Das beginnt bereits bei den Figuren. Selbst wenn der Film auf dem Papier einer typischen Dreiecksbeziehung entspricht, so ist niemand der Antagonist. Als Zuschauer hat man Verständnis für alle drei Hauptcharaktere. Auch wenn die innige Beziehung zwischen Nora und Hae Sung in Korea zu wenig Platz erhält, die Motivation der Figuren ist stets nachvollziehbar.
Bei den Dialogen schwächelt «Past Lives» etwas. Sie sind präzise, authentisch und direkt, Probleme und Konflikte werden stets angesprochen. Das ist erwachsen und verschafft Klarheit. Song nimmt den Zuschauer damit aber auch an die Hand. Wong Kar-Wai, der mit «In the Mood for Love» vor zwei Jahrzehnten eine ähnlich sehnsuchtsvolle Liebesgeschichte erzählt hat, ging subtiler vor. Das verlieh dem Film eine Mystik, die bei Songs nüchternem Werk fehlt.
Tiefes Verständnis
Unbestritten hingegen ist, dass die Neo-Filmemacherin ein tiefes Verständnis für ihre Themen hat. Mit vielen kleinen Details zeigt sie das Immigranten-Leben in einer neuen Heimat. Nora träumt immer noch auf Koreanisch, obwohl sie fliessend Englisch spricht und ein Grossteil ihres Lebens in Kanada und den USA verbracht hat. Es entsteht ein mehrschichtiges Gesamtbild, das weit facettenreicher und glaubwürdiger ist als etwa jenes des gefeierten Einwanderer-Multiversum-Knallers «Everything Everywhere All at Once».

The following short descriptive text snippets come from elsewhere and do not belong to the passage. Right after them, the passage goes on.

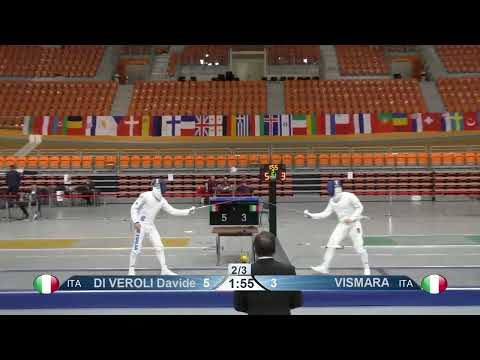 European Championships 2023 SME - GOLD - Davide Di Veroli ITA v Federico Vismara ITA
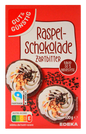 GUT&GÜNSTIG Raspelschokolade Zartbitter 100 g / GUT&GÜNSTIG Rendelenmiş Bitter Çikolata 100 g
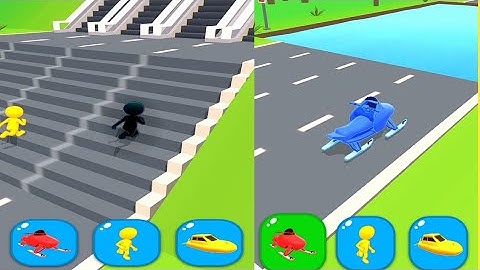 SHAPE SHIFTING Levels 21 Gameplay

Der Kern von «Past Lives» ist aber universell. Es ist eine Frage, die unabhängig von Herkunft, Geschlecht oder sozialem Status anspricht: Was wäre, wenn?
Hier überzeugt der Film mit seiner Nüchternheit. «Past Lives» zeigt das Leben als Reihe von Entscheidungen und Zufällen. Kein Schicksal, keine Vorbestimmung: Es waren Noras Eltern, die die enge Beziehung beider Kinder abrupt beendet haben. 24 Jahre später stehen sich zwei komplett andere Menschen gegenüber. Eine andere Kultur und ein anderes Umfeld haben ihre Spuren hinterlassen.

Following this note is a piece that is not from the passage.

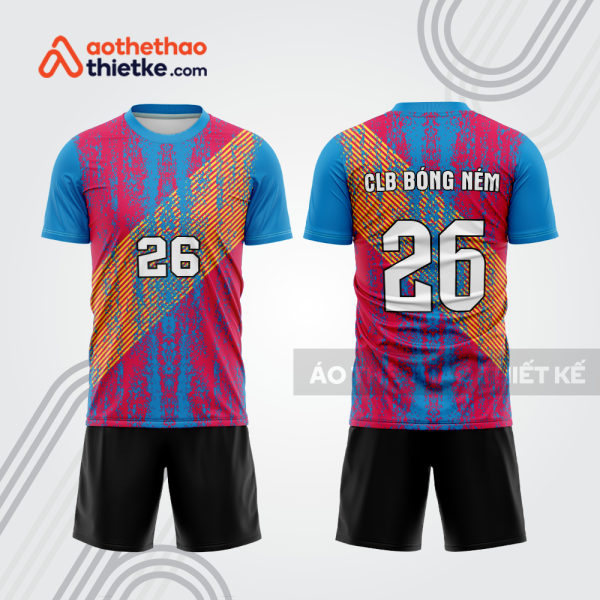 Mẫu thiết kế quần áo đồng phục thi đấu bóng ném bn120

Die Was-wäre-wenn-Frage beantwortet Autorin Song darum schlussendlich nicht. Es wäre vergebene Liebesmüh. Das Leben ist in einem Vierteljahrhundert weiter gezogen. Und doch zeigt sie, dass im Hinterkopf ein kleines Stück irrationale, kindliche Sehnsucht nach dieser früheren Beziehung geblieben ist. Das ist ehrlich. Aller Abgeklärtheit zum Trotz, ist «Past Lives» ein zutiefst menschliches Drama.

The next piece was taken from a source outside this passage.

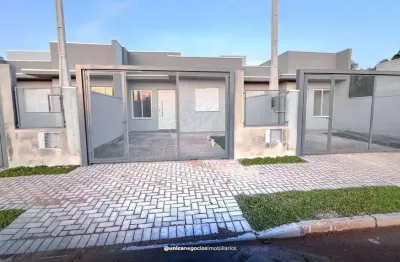 Casa com 2 quartos à venda na Rua Das Figueiras, Vila Rica, Portão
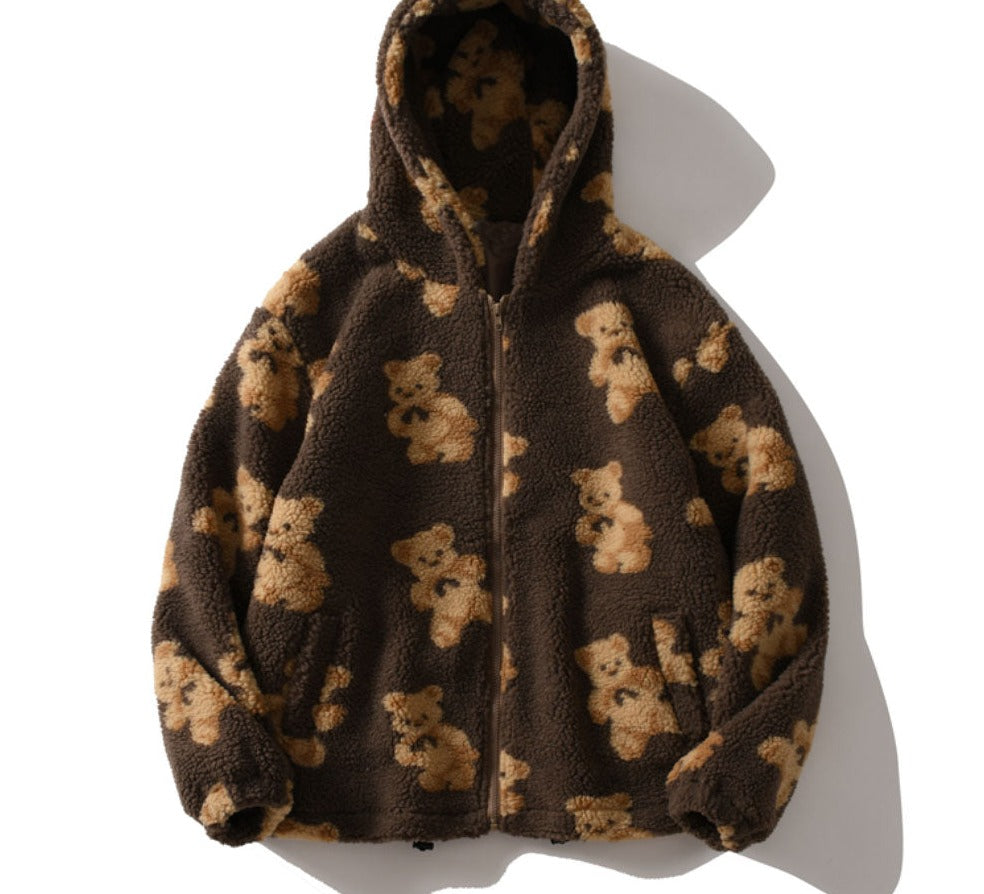 Beary Warm Hoodie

Eigentlich unglaublich, dass es sich hier um ein Regiedebüt handelt. Song führt selbstbewusst und mit einer unglaublichen Präzision Regie. Keine Einstellung wirkt unüberlegt. Und trotz höheren Kosten hat sie die Bilder statt digital analog auf 35 Millimeter gefilmt. Zu einem Film, der weit in die Vergangenheit blickt, passt das gut. Untermalt wird das Geschehen von einem warmen, minimalistischen Score von Musikern der Indieband Grizzly Bear. Ton und Bild verschaffen eine angenehme Atmosphäre, die die Geschichte sanft trägt. Auch wenn dabei ein leichter Hipster-Beigeschmack entsteht.
Song lässt den Figuren genügend Raum, um auch mal zu schweigen. Dann nehmen Blicke und Mimik die Leinwand ein. Die Filmemacherin profitiert dabei von einem unbekannten, aber herausragenden Cast. Greta Lee, Teo Yoo und John Magaro – sie haben wie Song alle einen Theater-Hintergrund – geben dem Film den emotionalen Feinschliff. Besonders wenn sie gegen Schluss zu dritt vor der Kamera stehen, entfaltet sich eine wunderbare Dynamik. Die letzten 25 Minuten von «Past Lives» sind perfekte Kinomagie. Ein Höhepunkt des Jahres.
Selbst gestandene Regisseure scheitern regelmässig darin, die Natur des Menschen mit Bildern und Worten einzufangen. Song kann das. Sie hat sich mit ihrem Debütwerk gleich in den Olymp moderner Filmemacher katapultiert. Zuletzt ist das nur Jordan Peele gelungen. Doch damit lastet auch ein enormer Druck auf der Neo-Filmemacherin. Kann sie die Punktlandung beim nächsten Anlauf wiederholen?
«Past Lives» ist als Video-on-Demand verfügbar.